Et si la révélation finale remet le film en perspective et ne sera pas forcément au goût de tous, il reste le talent du réalisateur de 38 ans. Ambiance, timing et hors-champ, avec des plans parfaitement maîtrisés comme dans la scène d’introduction: Jordan Peele joue à la perfection sur les codes de l’horreur, tout en restant plus proche du thriller.
Jackpot aux Etats-Unis
Alors que tout le monde l’attendait sur une comédie légère pour une première réalisation, le trentenaire surprend avec ce film plus proche de “Rosemary’s Baby” de Roman Polanski que du film déjanté “Keanu”, où il jouait le rôle principal. Mais son producteur, Jason Blum (“Paranormal Activity”, “American Nightmare” mais aussi “Whiplash”) estime “qu’il y a en fait beaucoup de points communs entre l’humour et l’épouvante : le timing d’une blague ou d’un moment effrayant et la façon dont ils se construisent sont très semblables”.

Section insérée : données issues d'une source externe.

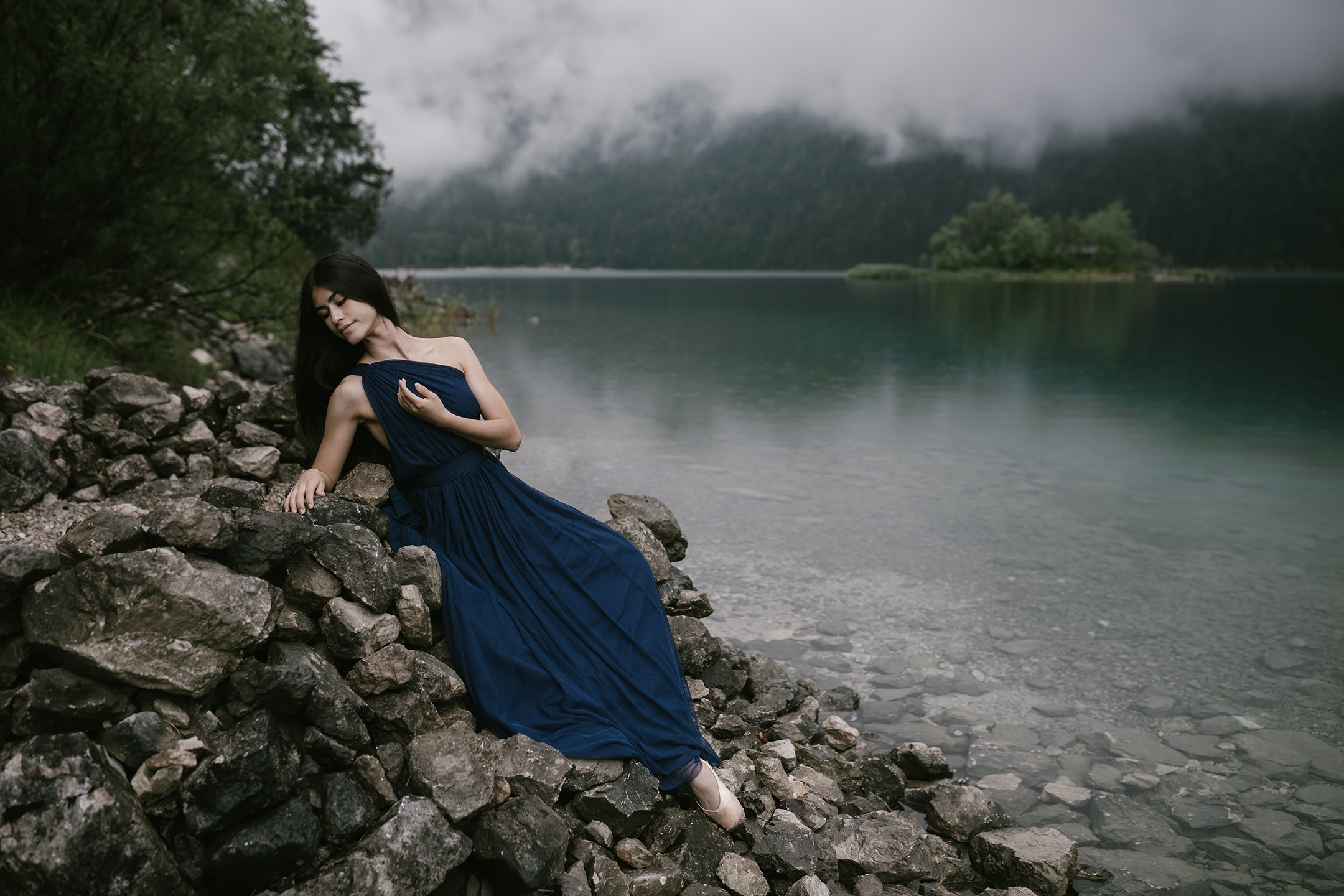 Elegante Tanzpose am klaren Wasser des Eibsee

Avec un film d’horreur, “vous avez le droit d’être de mauvais goût, d’être irrévérencieux. Cela aide à aborder certains sujets dont il est difficile de parler”, renchérit le réalisateur. Le film est porté par un casting de choix, faisant une place important à des figures montantes. Daniel Kaluuya (“Sicario”, “Black Mirror”) est profondément humain et touchant dans le rôle du héros. Sa compagne est interprétée par Allison Williams – repérée dans la série “Girls” -, qui se révèle au fur et à mesure du film, dévoilant des pans inattendus de son personnage.
Mais le film retient l’attention aussi et surtout par ses seconds rôles réussis. Betty Gabriel est savoureuse dans le rôle de Georgina, la domestique inquiétante typique des films d’horreur. Milton “Lil Rel” Howery incarne quant à lui le truculent meilleur ami du héros, qui apporte une touche d’humour bienvenue. “Get out” a fait un démarrage remarqué aux États-Unis, où il s’est installé en tête du box-office la semaine de sa sortie. Avec un budget de seulement 5 millions de dollars, le film est déjà plus que rentable.
Il a récolté 33,4 millions de dollars lors de son premier week-end dans les salles américaines, et affichait plus de 165 millions de dollars de recettes aux Etats-Unis après huit semaines d’exploitation.